Kauri dieback is mainly spread by humans, its microscope spores attaching themselves to the bottom of shoes before being walked into other areas where the then affixes to kauri roots to starve the trees of nutrients. Sadly, a 2016 report found more than eight out of 10 visitors to the ranges don’t use the cleaning stations when entering tracks, went off track and used tracks that were closed. Earlier this year it was announced six more of the tracks would open, with 11 more to open soon, bringing the total to around 50 (of 145). There are also plans to upgrade and build more.
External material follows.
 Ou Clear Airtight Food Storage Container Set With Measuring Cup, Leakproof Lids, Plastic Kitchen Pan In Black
Head to the Auckland Council website for a list of all the open tracks, in the meantime, here are five of the best:

  • Kitekite Falls: a perennial favourite, this one-hour trail winds its way from the end of Glen Esk Road in Piha to the gorgeous waterfall, replete with swimmable water hole. Call in for a bite and a beer at Piha Café when you’re done.
  • Caves Track: A great adventure for the kids. Right next to Whatipu Beach and the dune wetlands, the short Caves Track winds its way past a series of cliff face caves, the largest of which one hosted a ballroom! However, the dancefloor has long since been buried beneath the drifting sands.
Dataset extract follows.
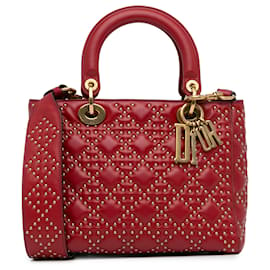 Dior-Dior Red Medium Lambskin Cannage Studded Supple Lady Dior-Red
  • Huia Lookout: Head here for a panoramic view of the Waitakere Ranges and over the coastline toward Manakau Harbour and the Awhitu sand bar. It’s a short, easy walk in and out from the carpark off Huia Road.
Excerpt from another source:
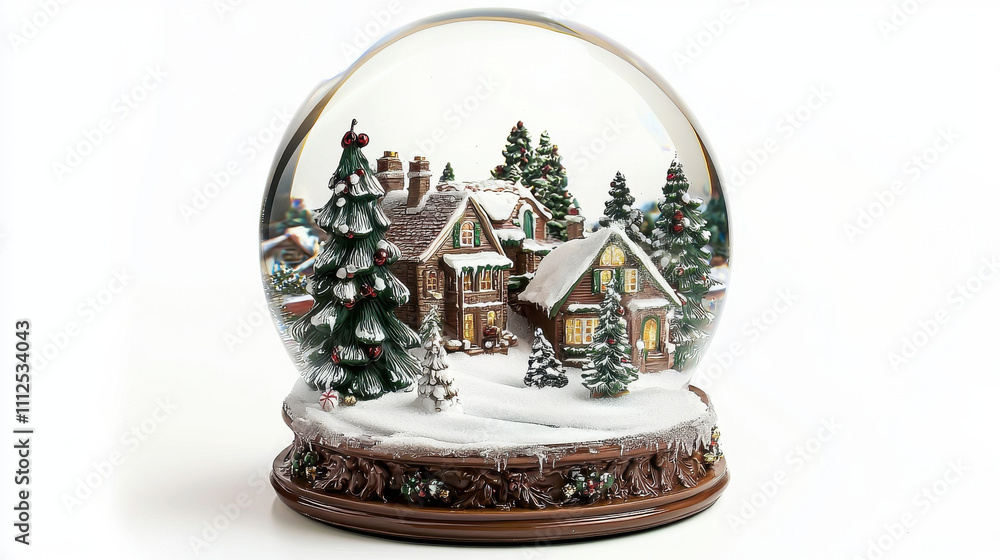 beautiful snow globe featuring winter wonderland scene with cozy house, snow covered trees, and festive decorations, evoking sense of holiday magic beautiful snow globe featuring winter wonderland scene with cozy house, snow covered trees, and festive decorations, evoking sense of holiday magic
  • Huia Dam Road: Those wanting to stretch their legs a little further should make for the Huia Dam Stretching for around 10km with some pretty impressive views of both Upper and Lower Huia Dams. This one’s a goodie for runner and cyclists, too.
  • Anawhata Beach: A real hidden gem of the ranges, this track winds down to one of the region’s best—and, whisper it—best kept secrets, Anawhata Beach. From the carpark on Anwhata Road, it’s about a 20-minute walk down to the enclosed sands that are home to some strange rock formations and super surf breaks.


Help to protect from kauri dieback by:

  • Cleaning shoes, tyres and outdoor equipment before and after entering kauri forest
  • Ensure scrubbing and spraying of shoes at the cleaning stations at the entry to tracks on the way in and out.
  • Stick to the trails and well away from kauri roots.
  • Preferably dogs should not be walked in affected areas, but if you do, keep them on a leash.